Collected data

----

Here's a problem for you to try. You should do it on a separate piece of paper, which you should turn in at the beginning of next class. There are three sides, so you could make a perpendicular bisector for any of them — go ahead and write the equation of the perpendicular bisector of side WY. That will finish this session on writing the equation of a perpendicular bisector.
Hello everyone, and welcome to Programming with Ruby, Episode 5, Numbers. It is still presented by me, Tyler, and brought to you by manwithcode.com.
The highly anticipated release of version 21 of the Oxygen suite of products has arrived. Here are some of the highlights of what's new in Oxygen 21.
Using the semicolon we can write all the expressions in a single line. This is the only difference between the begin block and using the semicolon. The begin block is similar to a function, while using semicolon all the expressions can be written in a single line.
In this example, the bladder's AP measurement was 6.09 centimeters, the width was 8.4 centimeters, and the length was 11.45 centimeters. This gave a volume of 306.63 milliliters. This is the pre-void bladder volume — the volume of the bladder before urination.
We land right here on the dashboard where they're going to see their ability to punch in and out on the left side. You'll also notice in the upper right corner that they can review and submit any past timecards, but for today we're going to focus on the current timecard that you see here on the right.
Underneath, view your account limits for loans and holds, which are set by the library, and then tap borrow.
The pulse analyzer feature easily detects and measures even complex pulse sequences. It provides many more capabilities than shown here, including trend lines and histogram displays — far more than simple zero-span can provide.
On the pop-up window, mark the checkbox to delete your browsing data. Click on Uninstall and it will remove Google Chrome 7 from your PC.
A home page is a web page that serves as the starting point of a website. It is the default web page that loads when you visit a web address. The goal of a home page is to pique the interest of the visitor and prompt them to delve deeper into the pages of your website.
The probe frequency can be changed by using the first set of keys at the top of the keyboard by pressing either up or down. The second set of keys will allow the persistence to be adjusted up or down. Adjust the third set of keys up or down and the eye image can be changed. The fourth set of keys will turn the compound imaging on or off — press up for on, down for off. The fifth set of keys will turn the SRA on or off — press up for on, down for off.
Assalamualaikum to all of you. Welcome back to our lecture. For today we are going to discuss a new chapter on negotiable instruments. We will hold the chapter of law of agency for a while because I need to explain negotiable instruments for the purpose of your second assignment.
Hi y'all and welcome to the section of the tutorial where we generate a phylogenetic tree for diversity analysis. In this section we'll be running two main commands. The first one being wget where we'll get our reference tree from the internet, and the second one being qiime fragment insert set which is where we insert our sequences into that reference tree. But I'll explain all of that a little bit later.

----

Reproduce the full block of data exactly, omitting nothing.

Here's a problem for you to try. You should do it on a separate piece of paper, which you should turn in at the beginning of next class. There are three sides, so you could make a perpendicular bisector for any of them — go ahead and write the equation of the perpendicular bisector of side WY. That will finish this session on writing the equation of a perpendicular bisector.
Hello everyone, and welcome to Programming with Ruby, Episode 5, Numbers. It is still presented by me, Tyler, and brought to you by manwithcode.com.
The highly anticipated release of version 21 of the Oxygen suite of products has arrived. Here are some of the highlights of what's new in Oxygen 21.
Using the semicolon we can write all the expressions in a single line. This is the only difference between the begin block and using the semicolon. The begin block is similar to a function, while using semicolon all the expressions can be written in a single line.
In this example, the bladder's AP measurement was 6.09 centimeters, the width was 8.4 centimeters, and the length was 11.45 centimeters. This gave a volume of 306.63 milliliters. This is the pre-void bladder volume — the volume of the bladder before urination.
We land right here on the dashboard where they're going to see their ability to punch in and out on the left side. You'll also notice in the upper right corner that they can review and submit any past timecards, but for today we're going to focus on the current timecard that you see here on the right.
Underneath, view your account limits for loans and holds, which are set by the library, and then tap borrow.
The pulse analyzer feature easily detects and measures even complex pulse sequences. It provides many more capabilities than shown here, including trend lines and histogram displays — far more than simple zero-span can provide.
On the pop-up window, mark the checkbox to delete your browsing data. Click on Uninstall and it will remove Google Chrome 7 from your PC.
A home page is a web page that serves as the starting point of a website. It is the default web page that loads when you visit a web address. The goal of a home page is to pique the interest of the visitor and prompt them to delve deeper into the pages of your website.
The probe frequency can be changed by using the first set of keys at the top of the keyboard by pressing either up or down. The second set of keys will allow the persistence to be adjusted up or down. Adjust the third set of keys up or down and the eye image can be changed. The fourth set of keys will turn the compound imaging on or off — press up for on, down for off. The fifth set of keys will turn the SRA on or off — press up for on, down for off.
Assalamualaikum to all of you. Welcome back to our lecture. For today we are going to discuss a new chapter on negotiable instruments. We will hold the chapter of law of agency for a while because I need to explain negotiable instruments for the purpose of your second assignment.
Hi y'all and welcome to the section of the tutorial where we generate a phylogenetic tree for diversity analysis. In this section we'll be running two main commands. The first one being wget where we'll get our reference tree from the internet, and the second one being qiime fragment insert set which is where we insert our sequences into that reference tree. But I'll explain all of that a little bit later.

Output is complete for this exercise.